Task objective:
Report every line of the records beneath this task that holds the string "gold".
── Input data ──
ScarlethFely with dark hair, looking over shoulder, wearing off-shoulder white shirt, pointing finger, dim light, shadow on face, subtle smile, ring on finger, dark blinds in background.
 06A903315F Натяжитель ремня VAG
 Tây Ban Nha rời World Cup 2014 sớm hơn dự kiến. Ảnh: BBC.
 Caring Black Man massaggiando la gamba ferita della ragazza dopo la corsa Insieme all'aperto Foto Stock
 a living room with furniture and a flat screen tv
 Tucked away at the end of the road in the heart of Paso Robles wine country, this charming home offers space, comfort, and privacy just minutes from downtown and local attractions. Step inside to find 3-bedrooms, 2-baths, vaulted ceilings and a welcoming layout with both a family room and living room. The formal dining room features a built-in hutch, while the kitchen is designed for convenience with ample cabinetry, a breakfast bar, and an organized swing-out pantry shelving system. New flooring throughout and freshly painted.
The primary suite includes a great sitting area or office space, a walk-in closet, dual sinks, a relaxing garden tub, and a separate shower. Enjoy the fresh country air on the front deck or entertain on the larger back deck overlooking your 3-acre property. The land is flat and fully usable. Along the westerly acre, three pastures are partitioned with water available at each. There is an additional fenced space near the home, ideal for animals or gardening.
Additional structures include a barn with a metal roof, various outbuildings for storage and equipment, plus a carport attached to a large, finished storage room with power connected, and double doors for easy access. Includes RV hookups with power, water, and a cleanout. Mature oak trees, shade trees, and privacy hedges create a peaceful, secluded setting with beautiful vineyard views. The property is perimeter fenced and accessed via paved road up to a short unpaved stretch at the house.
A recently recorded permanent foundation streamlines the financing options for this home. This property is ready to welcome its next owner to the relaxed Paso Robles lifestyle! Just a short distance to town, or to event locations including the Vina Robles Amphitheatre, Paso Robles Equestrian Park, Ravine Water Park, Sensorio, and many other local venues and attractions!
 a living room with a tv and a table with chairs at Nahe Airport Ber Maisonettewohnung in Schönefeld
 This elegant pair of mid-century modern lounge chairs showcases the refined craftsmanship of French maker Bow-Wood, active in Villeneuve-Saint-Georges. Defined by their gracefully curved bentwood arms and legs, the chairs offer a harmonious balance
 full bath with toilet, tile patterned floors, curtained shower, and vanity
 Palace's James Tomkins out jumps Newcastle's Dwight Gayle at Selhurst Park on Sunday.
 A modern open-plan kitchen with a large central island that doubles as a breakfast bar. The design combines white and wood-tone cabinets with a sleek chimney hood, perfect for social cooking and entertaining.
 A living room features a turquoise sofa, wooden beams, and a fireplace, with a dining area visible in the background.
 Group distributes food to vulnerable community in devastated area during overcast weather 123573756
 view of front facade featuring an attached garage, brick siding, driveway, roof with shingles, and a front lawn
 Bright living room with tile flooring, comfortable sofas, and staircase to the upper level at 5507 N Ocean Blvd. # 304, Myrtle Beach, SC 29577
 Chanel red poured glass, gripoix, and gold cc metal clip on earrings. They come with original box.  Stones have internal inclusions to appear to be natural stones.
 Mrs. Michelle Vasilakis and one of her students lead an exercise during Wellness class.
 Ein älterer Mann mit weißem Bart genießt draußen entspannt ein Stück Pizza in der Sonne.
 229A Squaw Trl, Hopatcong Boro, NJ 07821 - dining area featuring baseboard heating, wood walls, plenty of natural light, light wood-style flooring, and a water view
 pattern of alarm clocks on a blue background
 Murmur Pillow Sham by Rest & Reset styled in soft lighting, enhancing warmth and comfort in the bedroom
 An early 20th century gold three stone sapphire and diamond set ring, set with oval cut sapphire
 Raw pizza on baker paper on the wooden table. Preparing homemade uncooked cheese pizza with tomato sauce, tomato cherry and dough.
───
Written solution:
 Chanel red poured glass, gripoix, and gold cc metal clip on earrings. They come with original box.  Stones have internal inclusions to appear to be natural stones.
 An early 20th century gold three stone sapphire and diamond set ring, set with oval cut sapphire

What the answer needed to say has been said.